Reivindico la opinión. Me gusta la gente que da la suya y lo hace sin dobleces. Sueltas un parecer encendido y te responden con otro similar, y además de desahogarte te quedas como después de una partida de dominó. Últimamente hay poca dialéctica de altura. Llegas a una reunión y como no sabes hacia dónde se escora el personal pues mejor jugamos a lo correctísimo. No abordamos temas realmente interesantes por temor a la discusión, o los abordamos pero sólo ante un público afín para que todo quede bonito y sin estridencias. Enseguida iba a seguir siendo el león el amo del cotarro en la sabana con tanta corrección. Cuando las vísceras le piden carne no se plantea la importancia del ñú ni piensa en hacerse vegetariano. Es un león y después del festín él y sus moscas se tuestan al sol, felices y despreocupados.

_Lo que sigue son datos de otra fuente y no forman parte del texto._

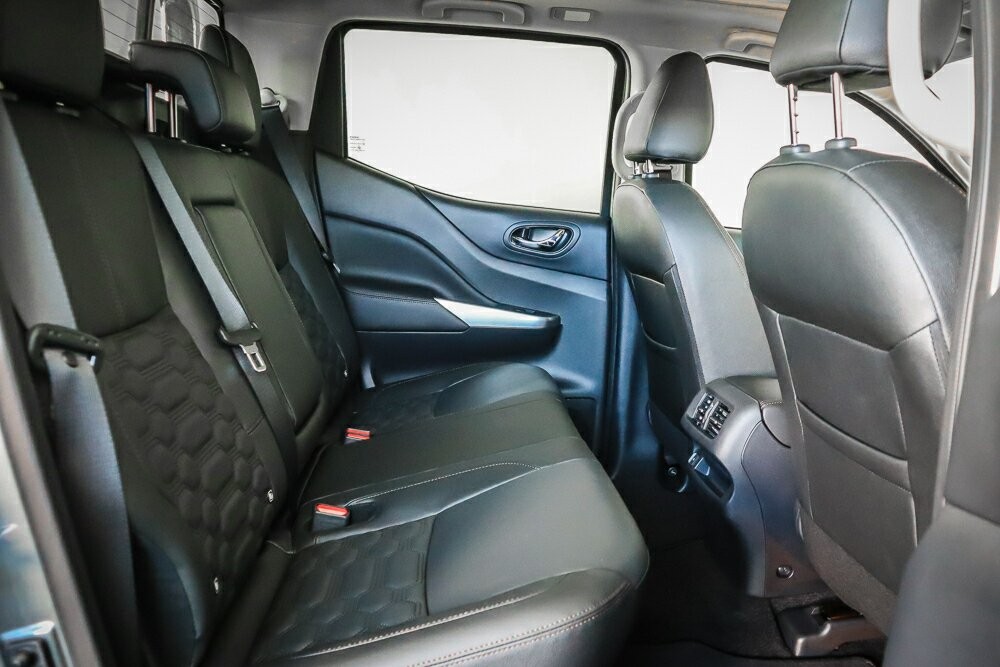 Nissan Navara image 2
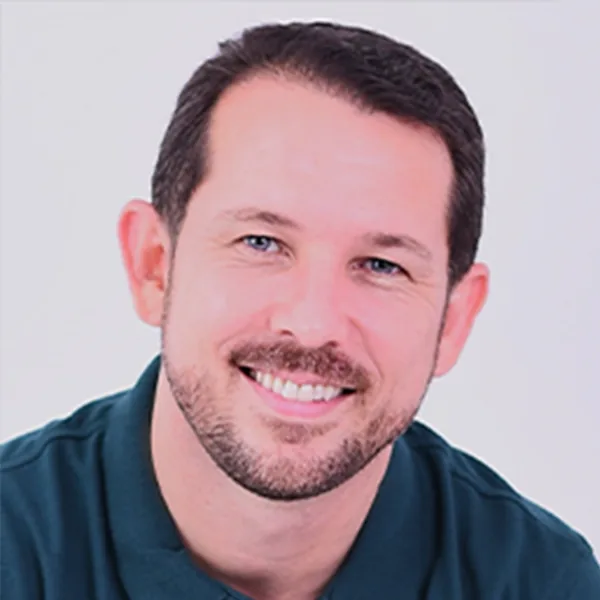 Esp. Leandro Trindade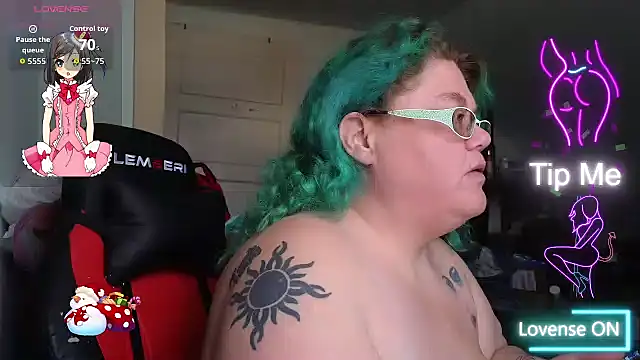 Snapshot of EmberCum chatting on 11.07.25 EmberCum online show from 11.07.25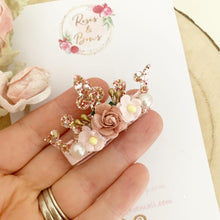 Load image into Gallery viewer, Glitter crown Clips - princess crown alligator clips
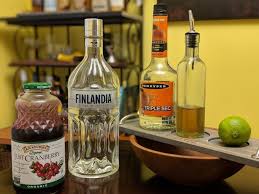 Maybe you would like to learn more about one of these? Cosmopolitan Coctel Receta E Historia Tremendo Trago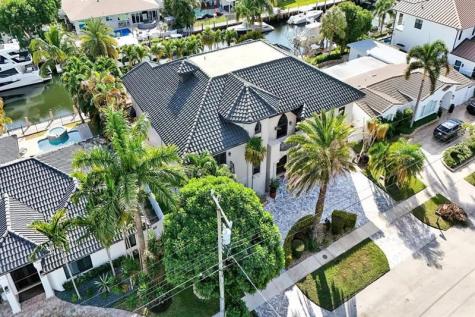 2340 NE 47th Street Lighthouse Point FL 33064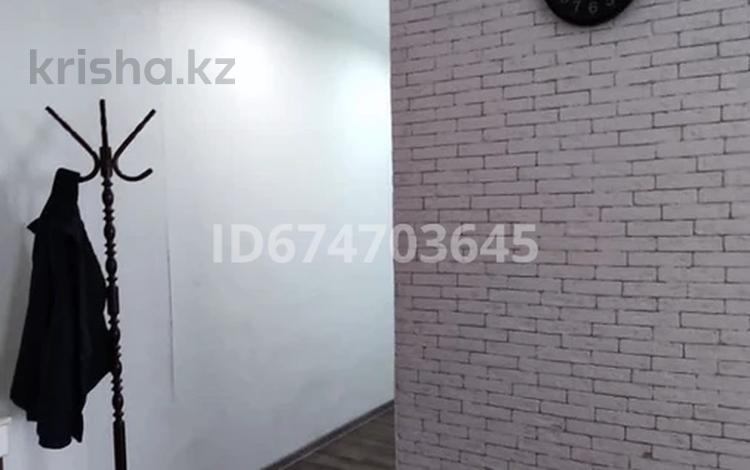 3-комнатная квартира · 65 м² · 4/5 этаж, 4 мкр 4 за 200 000 〒 в Аксае — фото 3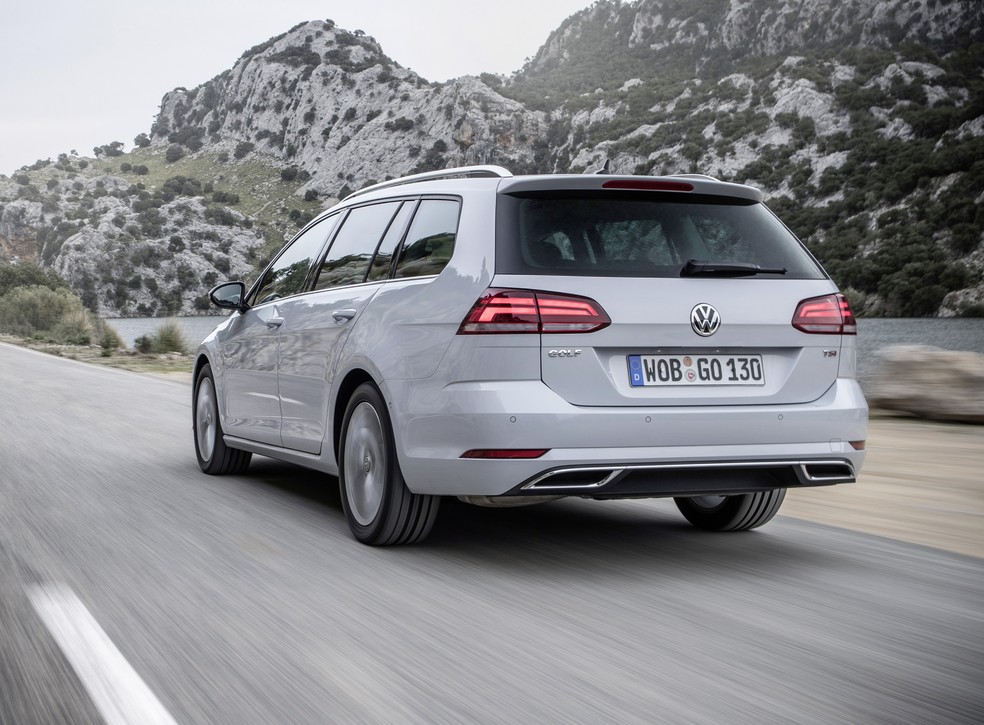 Volkswagen Golf Variant — Foto: Divulgação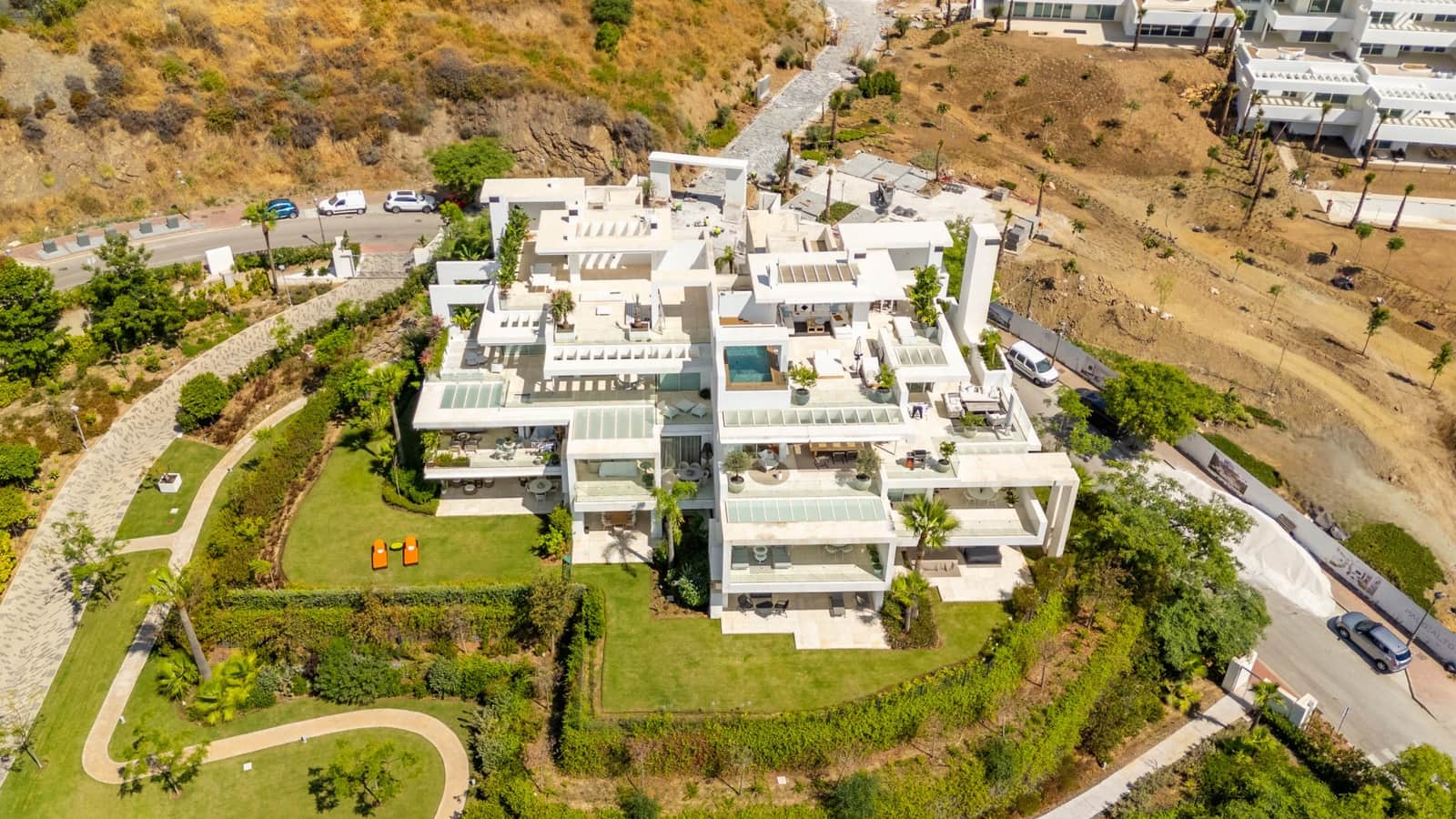 3 soveværelse Lejlighed til salg i Ojen med swimmingpool garage - € 1.195.000 (Ref: 9110189)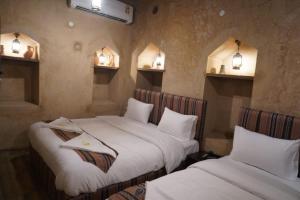 Postel nebo postele na pokoji v ubytování نزل مزارعة التراثية mazarah heritage inn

Aquí siempre hemos sido raciales, envalentonados y quijotescos. Pero ahora queda mejor la flema, la pose, decir lo que no se piensa para que los demás escuchen lo que no les interesa y tampoco piensan. Vamos un muermo. Me gusta que me rebatan, me den argumentos y, que con un discurso de altura hasta me convenzan, pero en estos momentos la mayoría de las veces las conversaciones son sucesiones de monólogos y se huye de la discusión.
Estamos invadidos por la moda de la exquisitez y eso sí, se opina sesudamente sobre cosas intrascendentes como la temperatura ideal de la casera. Por Dios, que es gaseosa.
Me viene a la memoria aquel hombre que asistía en los juzgados de Jerez como testigo en un juicio por atropello. La sala estaba atestada de letrados y estudiantes de Derecho y el hombre testificaba que a la hora del accidente el demandado no estaba en el lugar del suceso. El juez, pendiente sólo de las formas y henchido ante tanto público, interrogó al hombre después de oírlo: «Señor, levante una mano y enseñe el brazo». El brazo del testigo quedó al descubierto. «Y ahora -dijo el magistrado- levante el otro". El hombre mantenía en alto sus dos brazos desnudos ante el atónico público de la sala. El juez subiendo el tono de voz espetó al hombre: «¿Y cómo puede estar tan seguro de la hora en la que vio al demandado, si usted no lleva reloj?».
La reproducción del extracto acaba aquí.